Objective: Trophoblastic fetal cells harvested from maternal blood have the capacity to be used for copy number analyses in a cell‐based non‐invasive prenatal test (cbNIPT). Potentially, this will result in increased resolution for detection of subchromosomal aberrations due to high quality DNA not intermixed with maternal DNA. We present 5 selected clinical cases from first trimester pregnancies where cbNIPT was used to demonstrate a wide range of clinically relevant aberrations.

Method: Blood samples were collected from high risk pregnancies in gestational week 12 + 1 to 12 + 5. Fetal trophoblast cells were enriched and stained using fetal cell specific antibodies. The enriched cell fraction was scanned, and fetal cells were picked using a capillary‐based cell picking instrument. Subsequently, whole genome amplification (WGA) was performed on fetal cells, and the DNA was analyzed blindly by array comparative genomic hybridization (aCGH).

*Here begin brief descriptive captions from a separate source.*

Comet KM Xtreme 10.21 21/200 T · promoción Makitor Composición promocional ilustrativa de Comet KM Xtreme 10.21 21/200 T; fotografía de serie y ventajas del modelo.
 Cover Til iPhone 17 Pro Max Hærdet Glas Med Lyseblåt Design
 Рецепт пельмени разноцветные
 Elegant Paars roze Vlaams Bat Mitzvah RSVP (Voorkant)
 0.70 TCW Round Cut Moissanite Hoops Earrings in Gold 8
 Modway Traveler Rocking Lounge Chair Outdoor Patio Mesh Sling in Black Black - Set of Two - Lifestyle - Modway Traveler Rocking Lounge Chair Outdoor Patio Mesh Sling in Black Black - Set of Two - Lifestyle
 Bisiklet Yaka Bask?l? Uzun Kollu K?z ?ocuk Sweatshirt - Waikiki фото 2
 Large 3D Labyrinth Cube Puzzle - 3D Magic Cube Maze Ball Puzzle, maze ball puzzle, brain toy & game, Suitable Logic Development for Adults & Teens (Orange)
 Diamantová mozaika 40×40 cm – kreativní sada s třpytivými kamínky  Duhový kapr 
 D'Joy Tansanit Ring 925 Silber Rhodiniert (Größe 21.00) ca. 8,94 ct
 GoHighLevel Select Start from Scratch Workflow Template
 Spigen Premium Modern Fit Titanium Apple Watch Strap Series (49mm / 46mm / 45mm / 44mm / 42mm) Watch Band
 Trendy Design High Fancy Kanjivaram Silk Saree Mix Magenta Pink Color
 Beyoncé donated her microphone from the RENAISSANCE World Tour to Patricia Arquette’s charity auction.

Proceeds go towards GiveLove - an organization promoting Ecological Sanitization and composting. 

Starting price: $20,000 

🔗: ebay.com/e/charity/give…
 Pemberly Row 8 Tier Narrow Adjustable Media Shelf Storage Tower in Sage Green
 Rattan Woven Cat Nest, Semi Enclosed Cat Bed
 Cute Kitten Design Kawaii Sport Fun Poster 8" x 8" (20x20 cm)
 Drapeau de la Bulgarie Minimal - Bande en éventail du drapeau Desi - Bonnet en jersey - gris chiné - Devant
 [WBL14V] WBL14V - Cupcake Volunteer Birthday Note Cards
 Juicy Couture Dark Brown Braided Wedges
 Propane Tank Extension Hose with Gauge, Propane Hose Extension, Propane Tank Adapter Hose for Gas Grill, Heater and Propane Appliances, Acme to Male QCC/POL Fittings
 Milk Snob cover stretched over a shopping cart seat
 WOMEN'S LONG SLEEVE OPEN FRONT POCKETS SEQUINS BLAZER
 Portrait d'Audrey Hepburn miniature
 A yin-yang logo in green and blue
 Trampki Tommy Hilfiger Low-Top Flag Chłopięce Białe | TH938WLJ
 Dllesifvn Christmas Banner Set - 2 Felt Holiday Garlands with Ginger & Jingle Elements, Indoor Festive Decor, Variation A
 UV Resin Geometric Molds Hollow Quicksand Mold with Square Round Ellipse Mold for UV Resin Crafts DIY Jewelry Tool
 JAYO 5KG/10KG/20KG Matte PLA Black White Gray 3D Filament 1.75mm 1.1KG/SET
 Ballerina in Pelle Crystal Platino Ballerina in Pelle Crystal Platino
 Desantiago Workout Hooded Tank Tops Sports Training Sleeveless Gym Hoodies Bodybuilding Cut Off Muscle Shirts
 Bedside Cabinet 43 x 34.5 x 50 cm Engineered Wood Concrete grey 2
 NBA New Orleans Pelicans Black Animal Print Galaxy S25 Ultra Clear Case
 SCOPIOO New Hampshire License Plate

Results: We present 5 cases where non‐invasive cell‐based prenatal test results are compared with aCGH results on chorionic villus samples (CVS), demonstrating aneuploidies including mosa- icism, unbalanced translocations, subchromosomal deletions, or duplications.

Conclusion: Aneuploidy and subchromosomal aberrations can be detected using fetal cells harvested from maternal blood. The method has the future potential of being offered as a cell‐ based NIPT with large high genomic resolution.